[Opening AVAILABLE DATA section]
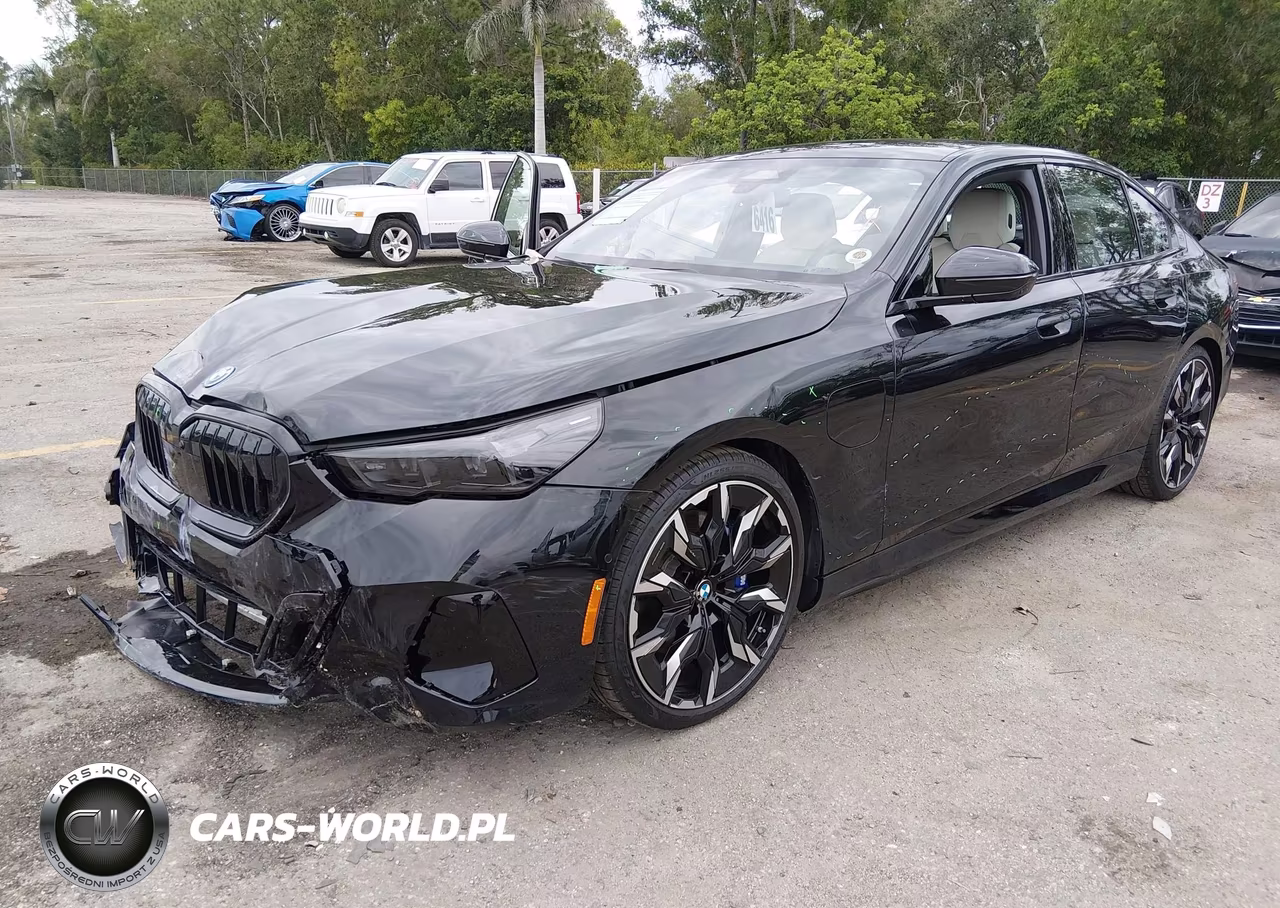 2026 BMW 550E xDrive VIN:WBA13FK07TCX10136 - 2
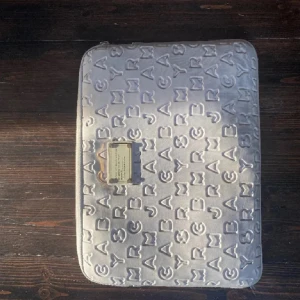 Marc Jacobs datafodral  - Fint och trendigt datafodral från Marc Jacobs i beige. Rätt bra skick!❤️Nypris 1000kr och priser går att diskutera. 35cm längd, 25cm bredd ❤️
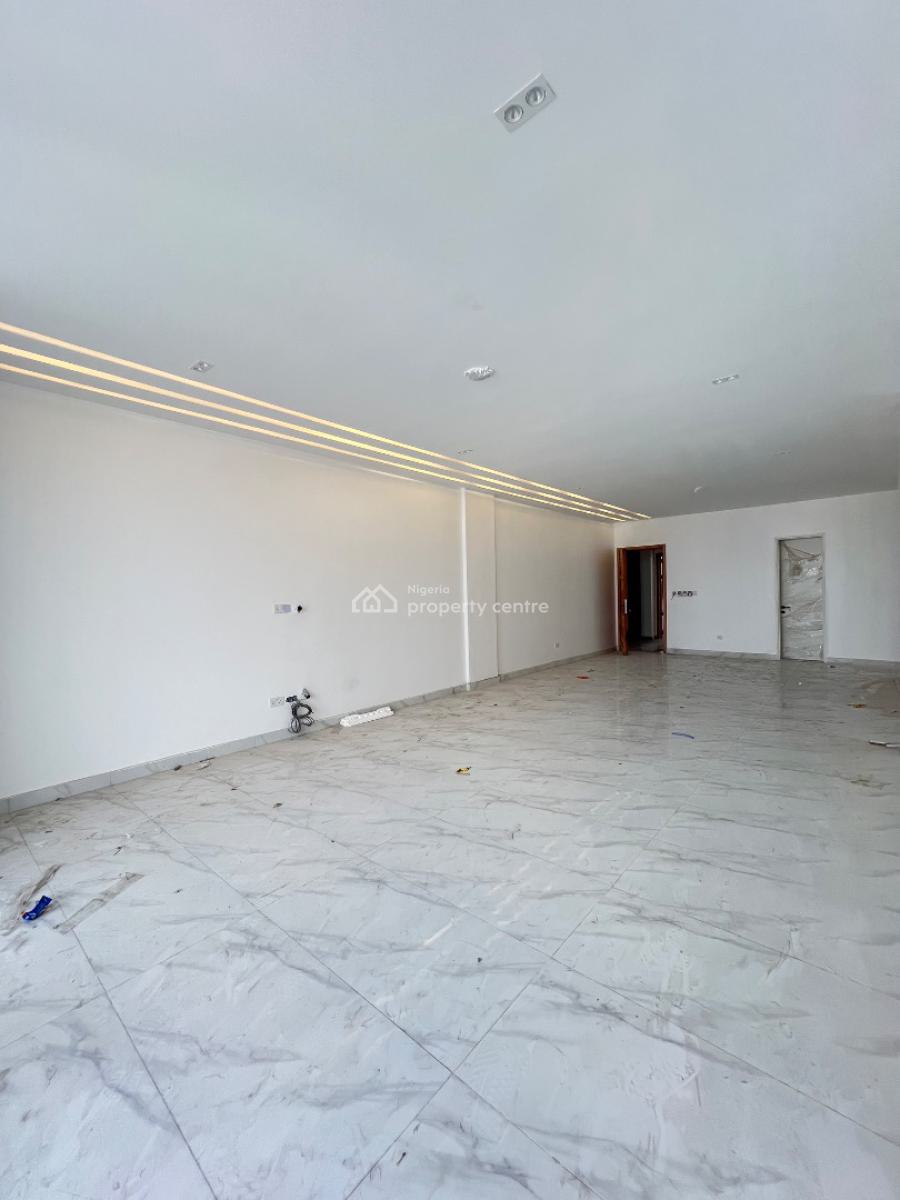 Spacious 2 Bedrooms Apartment with and Elevator and Swimming Pool, Lekki Phase 1, Lekki, Lagos, Flat / Apartment for Sale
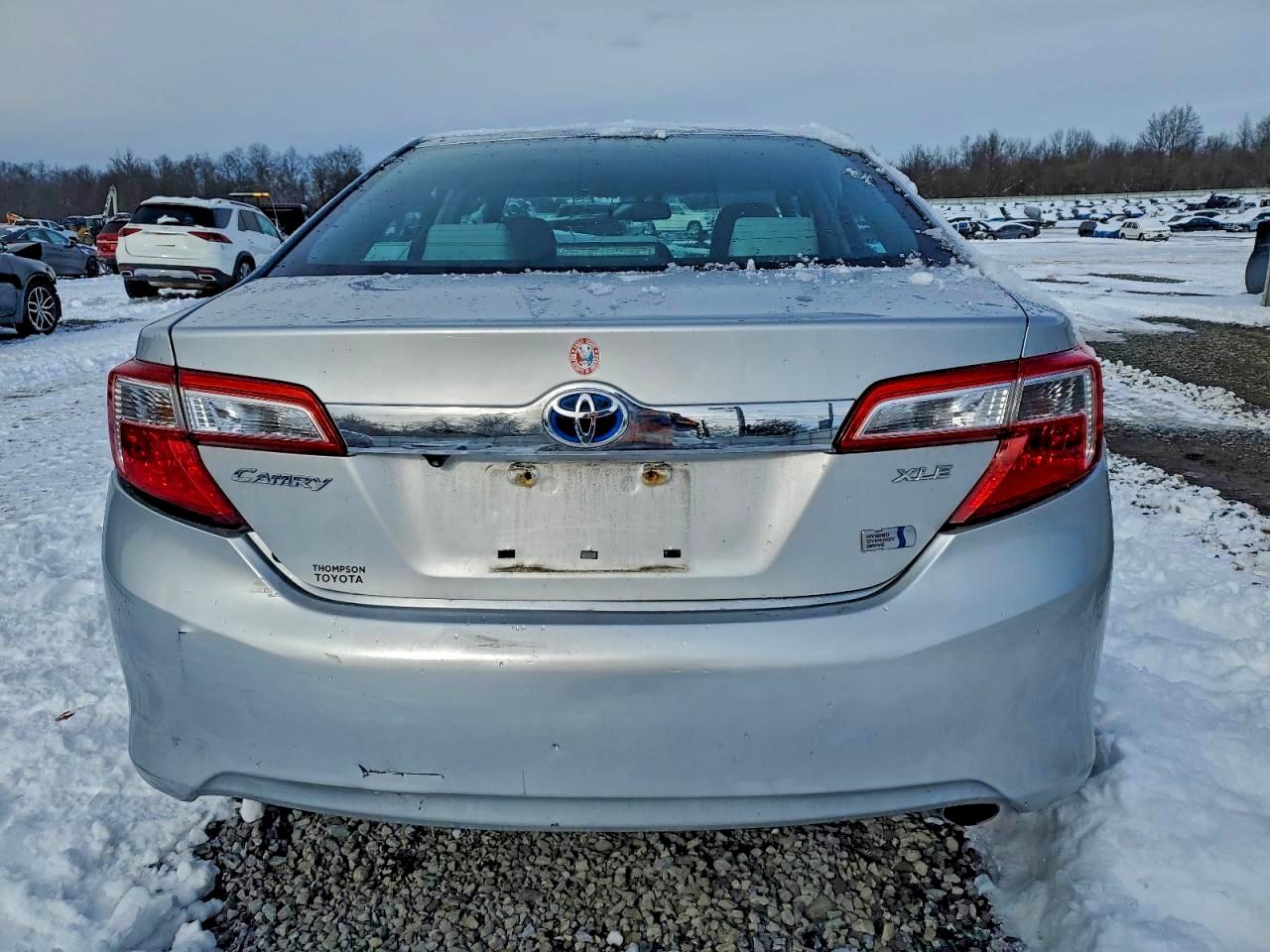 2013 TOYOTA CAMRY HYBRID photo 11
[Closing AVAILABLE DATA section]
▶ _TASK TO CARRY OUT_: Make an exact copy of the data, leaving its pictures out.

▶ _SOLVED EXERCISE_:
 2026 BMW 550E xDrive VIN:WBA13FK07TCX10136 - 2
 Marc Jacobs datafodral  - Fint och trendigt datafodral från Marc Jacobs i beige. Rätt bra skick!❤️Nypris 1000kr och priser går att diskutera. 35cm längd, 25cm bredd ❤️
 Spacious 2 Bedrooms Apartment with and Elevator and Swimming Pool, Lekki Phase 1, Lekki, Lagos, Flat / Apartment for Sale
 2013 TOYOTA CAMRY HYBRID photo 11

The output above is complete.